▶ [PROBLEM DETAILS]: Filter the listing below down to the lines holding the word "content", and copy those lines.

▶ [PROVIDED RECORDS]:
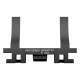 Žarulje Osram LEDriving H7 adapter 64210DA04 | race-shop.hr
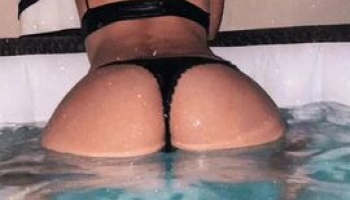 Des femmes amateurs nues ont montré leurs talents dans le porno fait maison – masturbation, squirte, pipe, sexe hard! 64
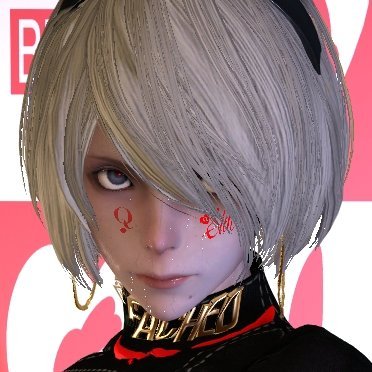 ⛔ No Minors ⛔
Bleached artist ❤️ Currently on long hiatus!
Consensual bleached content + VR!
No NTR/cuck/cheating/racist content from me, just WMXF fantasy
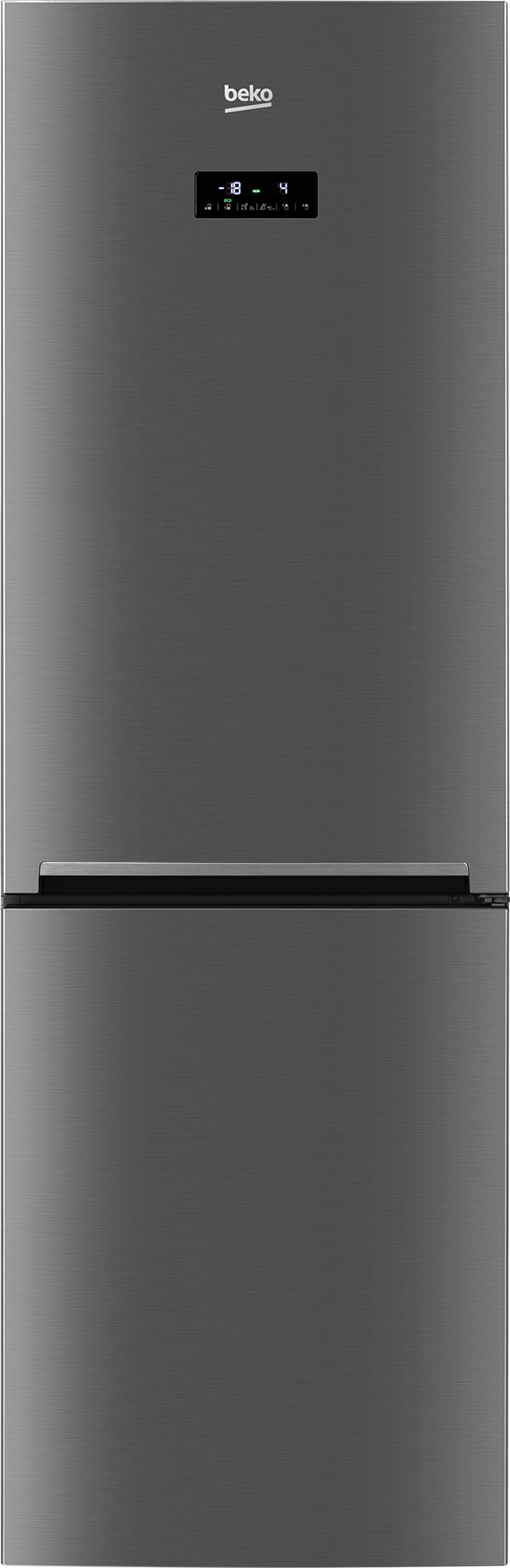 CNKR5321E20X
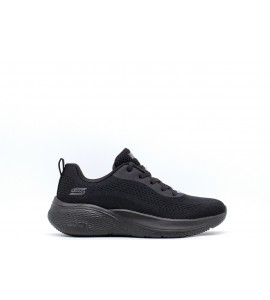 Skechers BOBS Sport Infinity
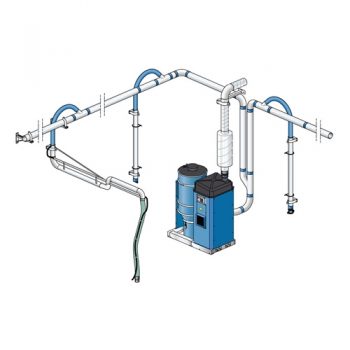 central-vacuum-systems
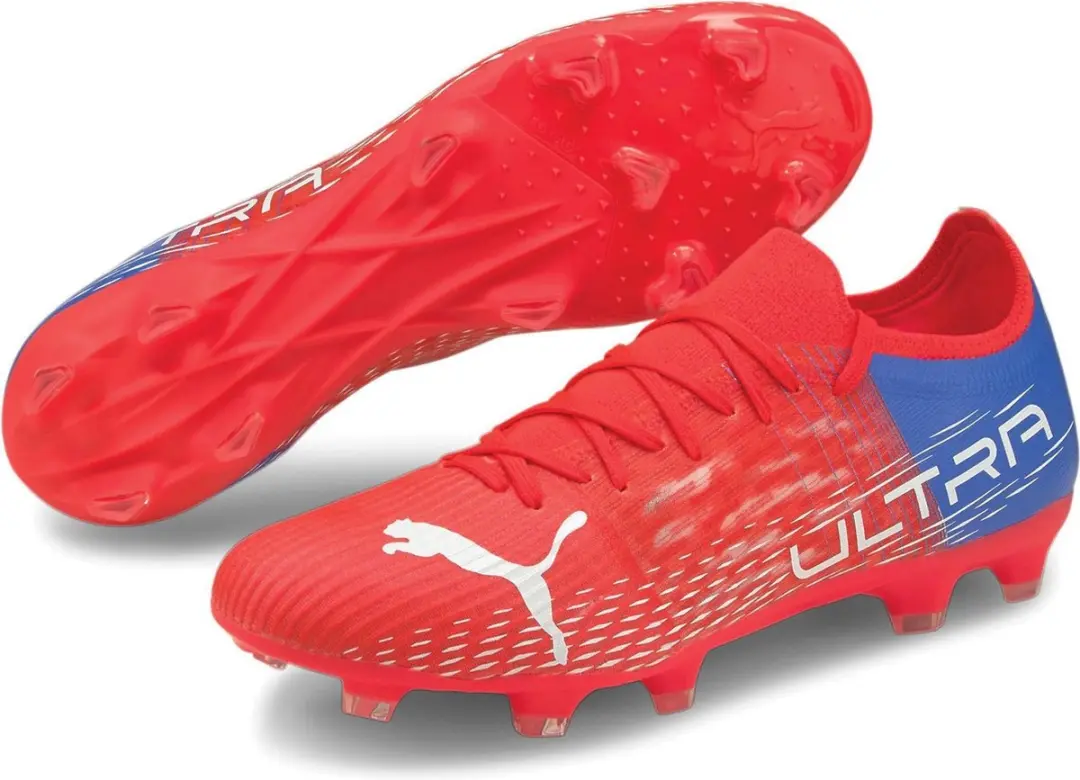 PUMA Ultra Sportschoenen 42.5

▶ [TASK OUTPUT]:
Consensual bleached content + VR!
No NTR/cuck/cheating/racist content from me, just WMXF fantasy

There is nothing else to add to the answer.